Ainsi, une demande de dégrévement de 80 % du prix de l'eau du réseau a été émise par la profession et évoqué lors du comité sécheresse qui s'était tenu le 9 août provoquant le passage  en crise sécheresse de la casi totalité du département. Par ailleurs, le directeur de la DDT a été interpellé sur l'urgence de travailler et de débloquer les dossiers de lac collinaire bloqué pour le moment. Un non sens pour la profession. 

"Cette région va crever"

"Il faut que nous tirions les leçons de ce que nous vivons aujourd’hui et repenser les choses de manière urgente", a alors lancé Pascal Gouttenoire. Une urgence d’autant plus agaçante pour les professionnels que depuis des années, ils sont nombreux à se battre pour pouvoir stocker l’eau l’hiver. Jo Giroud, ancien président de la chambre d’agriculture n’a pas manqué de le faire entendre sur le deuxième lieu de rendez-vous chez Jean-Pierre Bolvy à Saint-Romain-de-Popey : "ça fait quinze ans que nous nous battons pour mettre en place des ouvrages de stockage aux bons endroits et sans trop de difficultés et autant de temps que nous obtenons les mêmes réponses. Des commissions se tiennent, deux-trois dossiers sortent… C’est complètement ridicule et pas à la hauteur de nos besoins. Les épisodes de canicules et de sécheresse vont se répéter et cette région, elle va crever tout simplement. Soit ils sont capables de défendre les dossiers à Bruxelles par exemple pour sortir ce territoire de la zone rouge , sinon l’agriculture va s’en aller. Pourquoi l’Espagne stocke 25 % de l’eau qui tombe sur son pays avec la même réglementation européenne que nous, et qu’en France nous sommes bloqués à 3 % ?"

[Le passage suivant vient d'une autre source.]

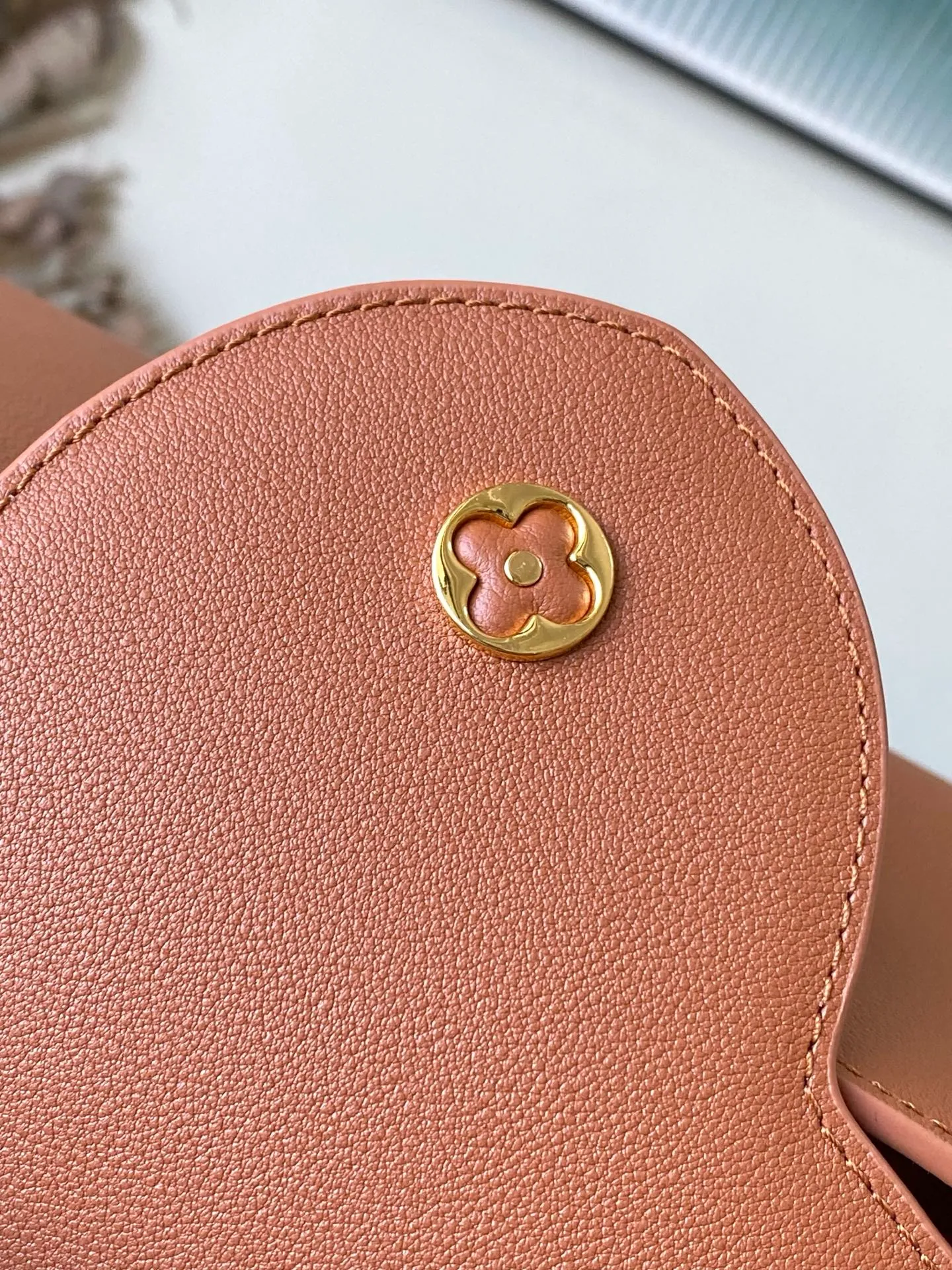 💰2360 "Super Premium Original Leather" M14371 Brown Capucines Souple medium handbag is made of fine grained cow leather, with a sharp contrast of suede lining and dazzling metal parts, and uses the LV letters to express the brand heritage. The flip cover can be folded in or out, and the compartments and pockets can store your daily needs in an orderly manner, and you can switch between various carrying methods at will. 33.0 x 24.0 x 12.0 cm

Alors les agriculteurs sont formels sur le long terme ce ne sont pas des aides qu'ils demandent mais bien de la logique. Jean-Marie Barras, éleveur dans les monts du Beaujolais a fait le déplacement spécialement pour faire entendre son incompréhension au directeur de la DDT : "il est primordial de construire des retenues collinaires. Premièrement pour sécuriser l'abreuvement des animaux et nous éviterait de nous servir du réseau d'eau potable, une solution qui serait beaucoup plus rentable économiquement pour nos exploitations. Deuxièmement, on demande simplement des retenues pour stocker l'eau l'hiver et pouvoir l'utiliser pour irriguer. C'est également une question d'utilité publique quand on voit les feux qui peuvent démarrer n'importe où et que même les pompiers ne savent plus où pomper. Ils sont désarmés. Aujourd'hui, nous avons constaté un bon nombre de ruisseau à sec avec un affaiblissement des écosystèmes. Les retenues collinaires peuvent assurer un débit aux rivières et préserver ces eco-systèmes."

Autant de désespoir entendu par Jacques Banderier qui a affirmé qu'une réunion se tiendrait en septembre pour avancer sur les solutions à long terme. Les agriculteurs espèrent que ces solutions ne mettront pas aussi longtemps à arriver qu'à la pluie de tomber.